When choosing a law school, I focused on programs and opportunities relating to private practice — particularly corporate law, taxation, and trusts and estates. I knew I wanted to practice in New York, so did some research on well-known law firms and was amazed at the number of HLS graduates working as partners and associates at all of these firms. In fact, if you look to the Chambers and Partners review of leading practitioners, it reads like a who’s who of HLS alumni. What makes our alumni base so special, though, is how receptive they are to current students. I’ve reached out to many renowned practitioners, judges and businesspeople for my Credence Corporate Revival column, to discuss research ideas or just to chat about life and practicing law. And while none of them know me, each and every one has taken my call or responded to my email, and all generously offer their time, knowledge and expertise to help a young law student find his way. One of the many benefits of HLS’s heritage and storied alumni achievement is that no matter where you want to go in your career, you’ll always find an inspiring story and a helping hand.
After your first year of law school, it becomes time to “get down to business” (i.e. find a summer job). And despite the economic downturn, business at HLS is good. During our early interview program in August, hundreds of law firms and employers came to Cambridge from all over the world just to interview HLS students. As one interviewer said, “Our firm loves HLS grads — clients specifically ask for them.” The weeklong experience was hectic, but it was a valuable experience and a lot of fun. I personally interviewed with thirty-three highly-respected law firms from New York, but I have friends who interviewed for (and accepted) jobs in every major legal market on the planet.
Finding a job can be daunting, and fortunately the Office of Career Services (OCS) is here to help every step along the way. OCS hosts tremendous programs year-round and did a fantastic job preparing my classmates and me for the job hunt this year. I had my very own personal coach, Vivian Wexler, who helped me prepare for interviews, critiqued my resume, and played “matchmaker” to help me find the perfect firm for my legal interests and personality. Before joining the Office of Career Services as the Assistant Director for J.D. Advising, Vivian was an all-star mergers & acquisitions lawyer, so I knew I was getting great advice! When the interview process came to an end, the OCS team helped me decide on a great firm in New York that was started by HLS grads (Paul Roth and William D. Zabel), pioneered hedge fund legal practice, and is home to one of the best trusts and estates teams . . . ever. In fact, I hear the OCS staff is so good that match.com has been trying to steal their secrets for years! In all seriousness, though, I can honestly say that every 2L I know has a fantastic job lined-up for this summer, which says a lot in this tough legal market.

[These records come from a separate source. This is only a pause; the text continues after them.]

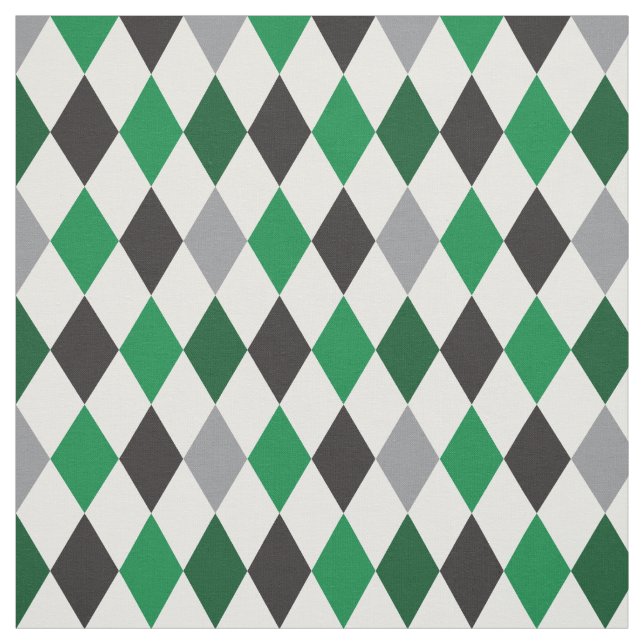 Eagle Green & Black Argyle Pattern Fabric (Swatch)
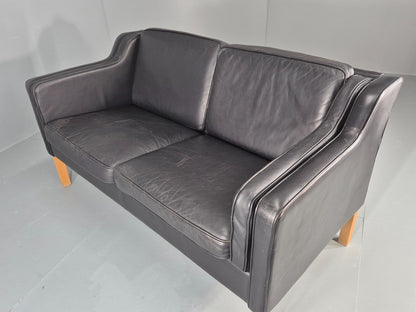 Vintage 2 Seat Sofa Danish Black Leather Mogensen Style Retro 1980s EB10464 M2SS19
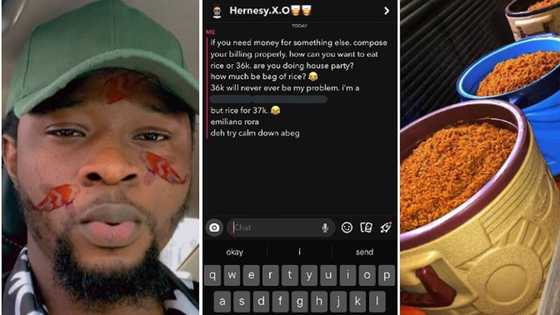 "Na 5 litres cooler of rice you wan chop?" Man shares chat with lady who billed him N37,000 after offering to pay her lunch
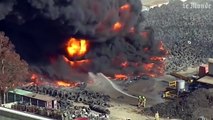 Un intense incendie dévaste un champs de pneus en Australie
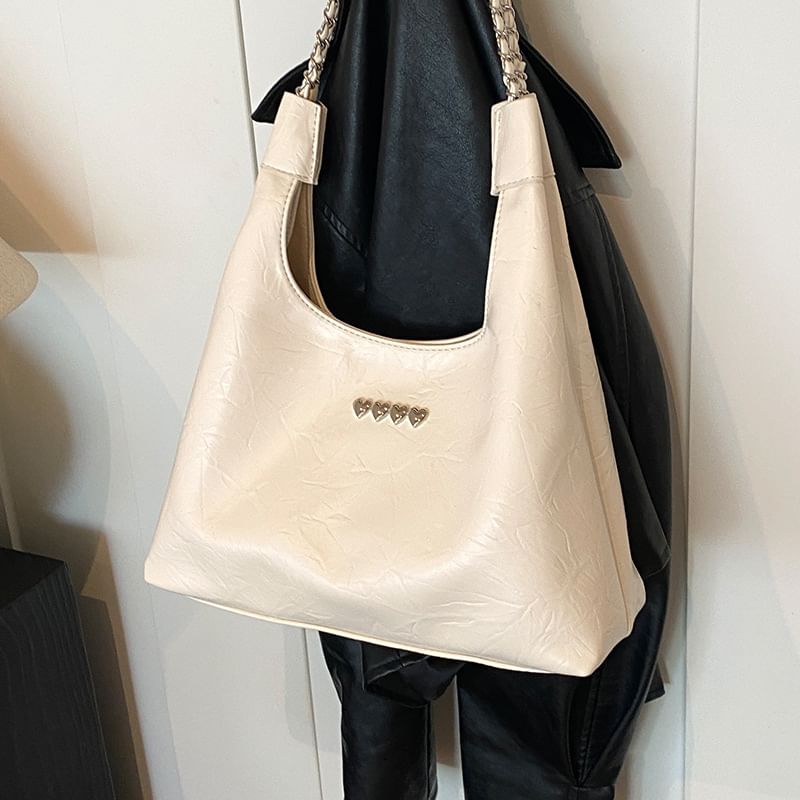 Faux Leather Heart Shoulder Bag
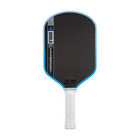 Pickleball paddle with black surface, blue edges, and white handle on a white background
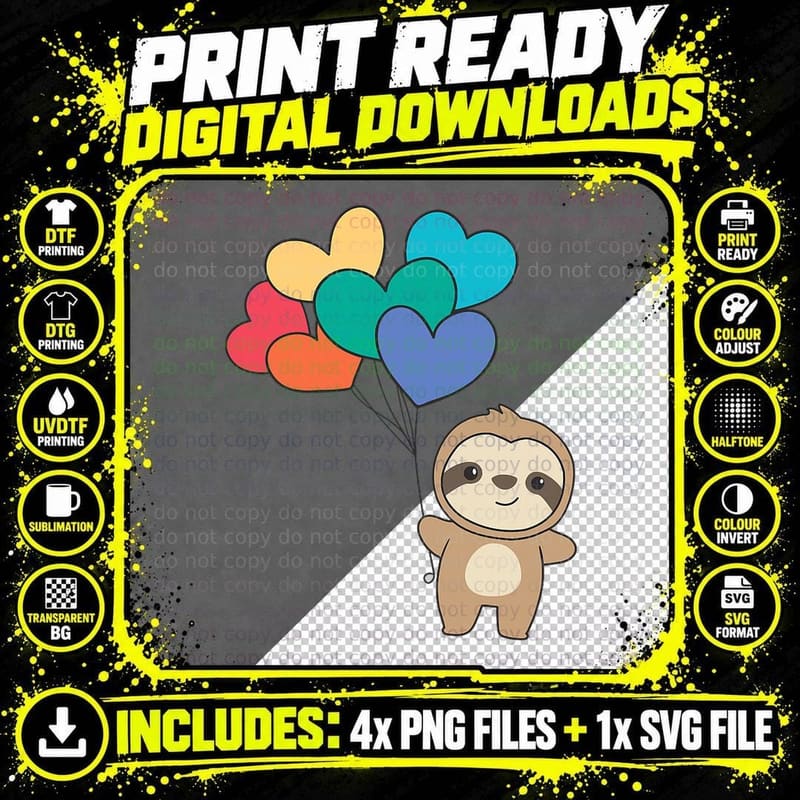 Rainbow Hearts Pride Lgbtq Balloons Sloth T-Shirt Png SVG Digital Bundle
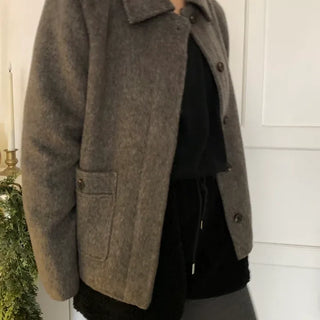Vintage Angora Fudge Texture Single Short Coat
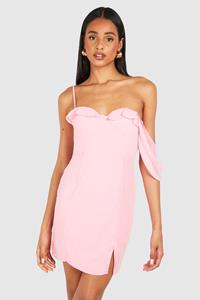 Boohoo Tall Chiffon Ruffle Cup Detail Mini Dress, Light Pink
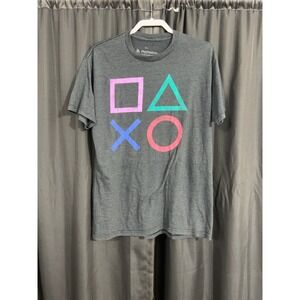 PlayStation Mens L Gray Graphic T Shirt PS Symbols Logo Ripple Junction Gaming
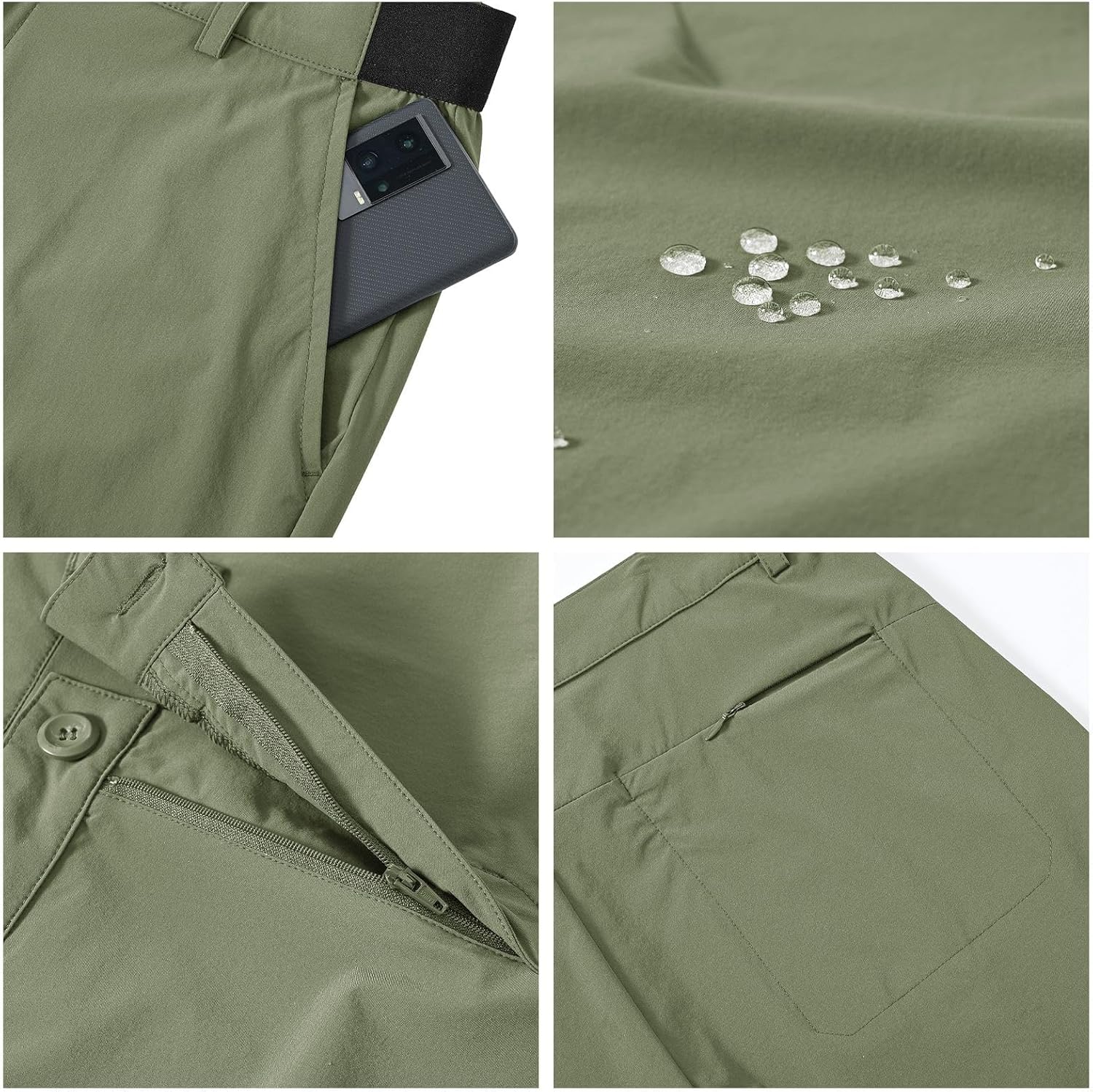 Rdruko Men's Golf Pants Stretch Quick Dry Work Casual Dress Slacks Relaxed Fit with Pockets(Green,US 38)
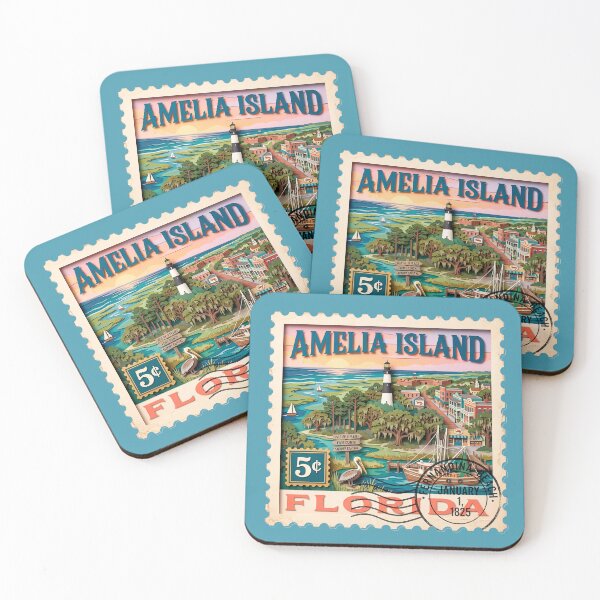 Item preview, Amelia Island Florida Vintage Postage Stamp - 3D Papercraft Art designed and sold by Mandeville Photography.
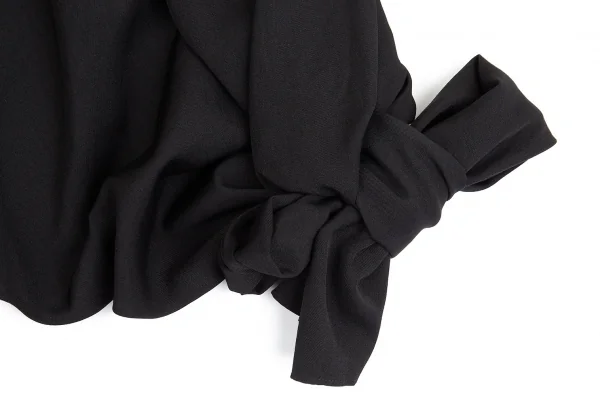 ヨウジヤマモト ファムYohji Yamamoto FEMME 裾結びウールギャバサルエルパンツ 黒1 K-85290_009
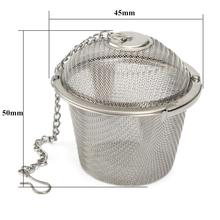 Durable 4 5cm Silver Reusable Stainless Mesh Herbal Ball Tea Spice Strainer Teakettle Locking Tea Filter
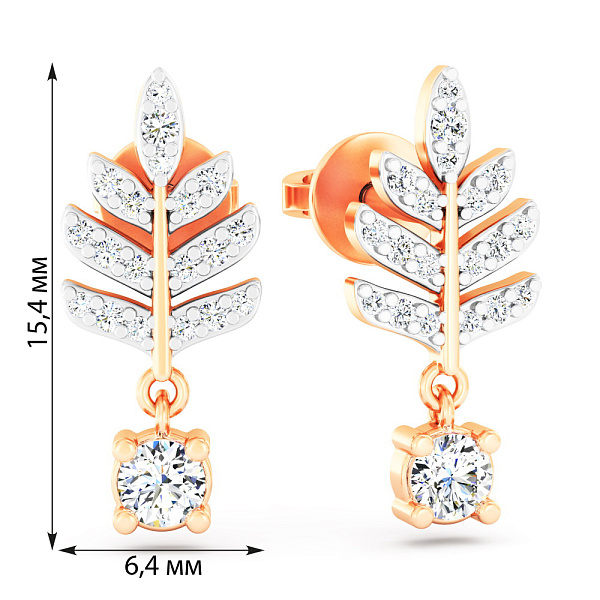 Серьги из красного золота с фианитами (арт. 111338) – изображение 4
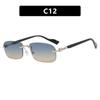 Gafas de Sol Ovaladas Sin Marco Marco Pequeño Gafas de Sol Nuevas 2025 Gafas de Sol para Conducir Gafas de Sol Anti-UV Forma Cóncava
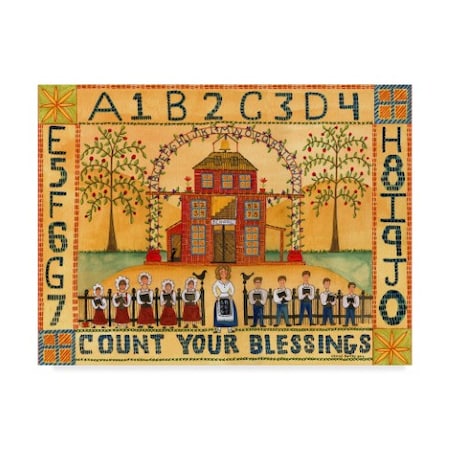 Cheryl Bartley 'Count Your Blessings School Sampler' Canvas Art,18x24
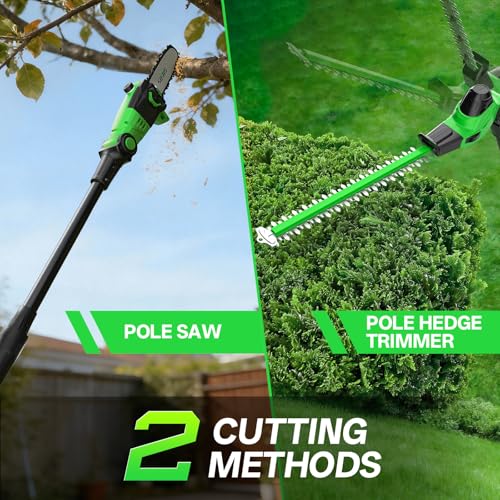 SOYUS 2-in-1 8-Inch Pole Saw & 18-Inch Pole Hedge Trimmer 2x 3.0Ah Battery - color: Clover Green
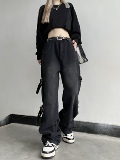 夏季美式高街vibe风绑带水洗休闲牛仔裤女阔腿裤DS-B247-K68-P62，男装牛仔裤，电商B247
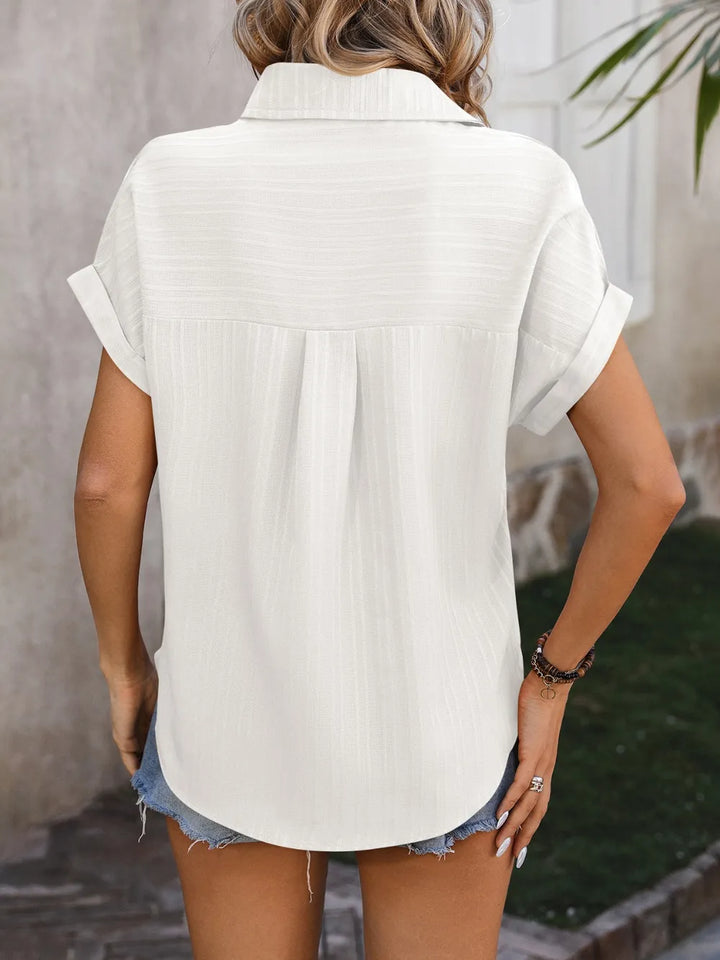 Mandy Textured Button Up Cap Sleeve Shirt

By now hopefully you’ve read about some of the amazing courses at HLS, like Mergers & Acquisitions with Vice-Chancellor Leo Strine, the M&A Workshop with Visiting Professor and all-star dealmaker Mark Gordon, and trusts and estates with the one-of-a-kind Robert Sitkoff, but equally awesome are the opportunities to interact with professors outside the classroom. For example, right now Professors Guhan Subramanian and Robert Clark are each advising me as I write my first legal article for publication, which will be published in a major international law journal. Also, I’ve had the pleasure of helping Climenko Fellow Lilian Faulhaber research international taxation issues for presentation to the EU Commission on Tax Law. Additionally, professors are great about holding generous office hours for individual or group discussion with students —about anything at all.
No matter what you want to do — or if you don’t know what you want to do at all — you can’t beat the resources and opportunities at Harvard, especially when it comes to private practice. No matter where you want to be or what you want to do, a few years in Cambridge will get you there and beyond.